В хозяйственно переживших себя группах лишь крепче и ярче выражена связь наша с прошлым и с его главными чертами: прикрепленностью к месту, ограниченностью горизонта, недоверием и враждебностью ко всему новому, неиспробованному, чужеземному… Но та же связь, как косная сила, живёт в сознании самых передовых общественных групп, рабочих-социалистов, образуя нередко неразъедённую критикой подоплеку его. Правда, современная промышленность стала мировой. Ну это превращение захватило непосредственно в гораздо бóльшей мере круговорот вещей, чем — людей. Товары стали гражданами мира, а люди, которые их создавали, оставались приросшими не только к национальной, но и к провинциальной скорлупе… И если война выросла из новейших империалистических противоречий, то те массовые психологические явления (патриотизм, национализм), какие возникли непосредственно на её основе, вызваны тяжеловесными материальными и духовными связями масс с средневековьем. Вот эти-то традиционные связи война и разрушает своими варварскими приёмами.

Поразительно в своём роде, что война во всех странах наиболее поражает именно те слои, которые хозяйственными корнями своими сидят в прошлой жизни: крестьянство, ремесленно-торговое мещанство и вообще мелкий люд. Совершенно очевидно, прежде всего, что именно эти слои скорее всего экономически разоряются от войны. Но и просто физически они в большем, чем другие, числе сходит со сцены. Многочисленные кадры пролетариата и профессиональной интеллигенции мобилизуются военной промышленностью и таким образом выводятся из линии огня. Крестьяне, мелкая буржуазия неквалифицированные рабочие составляют главную массу пехоты.

Но война не только истребляет старые общественные слои, она по своему и перевоспитывает их. Прежде всего разбивается оседлость — и как факт и как психологический склад. Никогда ещё такое количество людей не вырывалось из привычных условий существования. Крестьяне, не покидавшая села, ремесленники, которые никогда не были в Париже и для которых путешествие в главный город департамента уже составлял событие, перевидали за время войны столько городов, людей и событий, сколько они сами и их отцы не видали в течение ряда десятилетий. Все старые мерки: семейные, домашние, провинциальные, профессиональные оказываются совершенно непригодными для размаха событий.

Сейчас, в грохоте войны, который одновременно и пробуждает и оглушает, эти духовные преобразования не так заметны.

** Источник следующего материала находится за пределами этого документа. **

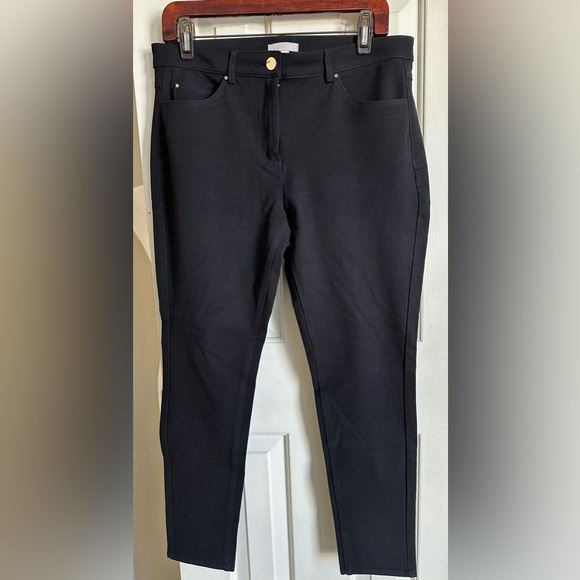 H&M Pants - H&M Black Skinny Pants- Size 10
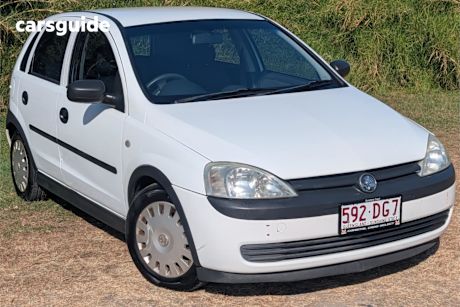 White 2002 Holden Barina Hatch XC F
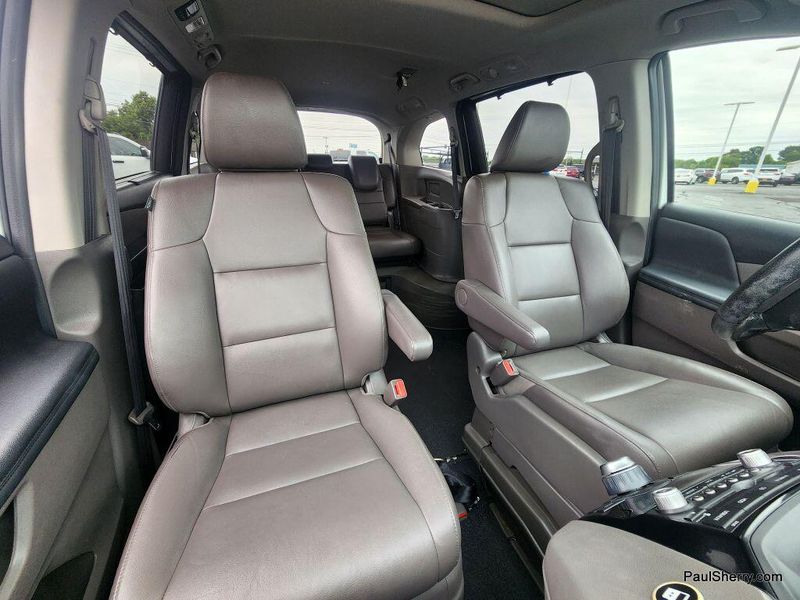 2013 Honda Odyssey EX-L photo 2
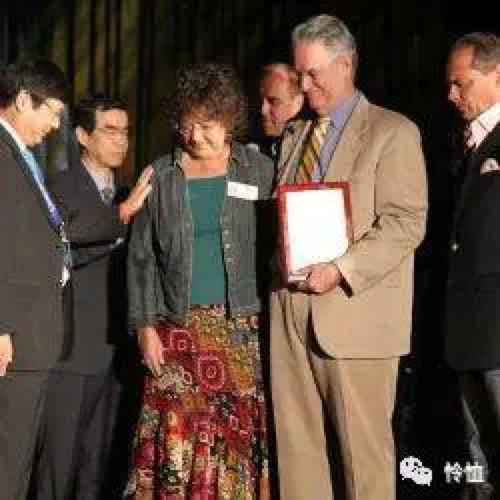 Powell夫妇在Jim从国际基督徒贸易协会退休时接受祝福祷告（2011）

Но завтра они обнаружатся с полной силой. Южный винодел, который в течение двух лет сражался бок-о-бок с англичанами, индусами, неграми, потом русскими, брал немецкие траншеи, наблюдал пленных, сопоставлял, вынужден был оценивать качество русского административного аппарата и шансы греческого и румынского вмешательства — этот винодел выйдет из войны совсем не тем человеком, каким вошёл в неё — если он, разумеется, выйдет из неё… Ещё в бóльшей мере это относится к городскому рабочему, как психически более подвижному и восприимчивому типу. Несмотря на колоссальный взрыв национальных страстей (лампа тоже ярко вспыхивает, прежде чем потухнуть) эта война в конечном счёте поднимет на небывалую раньше высоту чувство «универсальности», сознание неразрывной связи судьбы отдельного человека с судьбой всего человечества. Выйдя из окопов и очнувшись от пламени, грохота и дыма, человек не вернётся в прежнюю духовную скорлупу. Никогда! Он уже не будет считать «миром» собрание своих односельчан. Он станет подводить итоги, искать новых, более широких критериев, и прежде всего он освободится от многих традиционных фетишей. Он получит небывалый вкус к критике, и что не менее важно — к дерзанию. Может быть впервые он станет по настоящему тем, чем видел его Аристотель: политическим животным.

Если главной психической чертой считать слепую традицию, а дух новой эпохи искать в стремлении внести всюду разум: в технику производства, в политику, в экономические отношения, то можно с полным правом сказать, что испытания и опыт войны должен придать совершенно новый размах тому процессу всестороннего социального обновления, который так лениво, с остановками и попятными движениями совершался в течение прошлого столетия. А это значит, что мы вступаем в эпоху великих потрясений.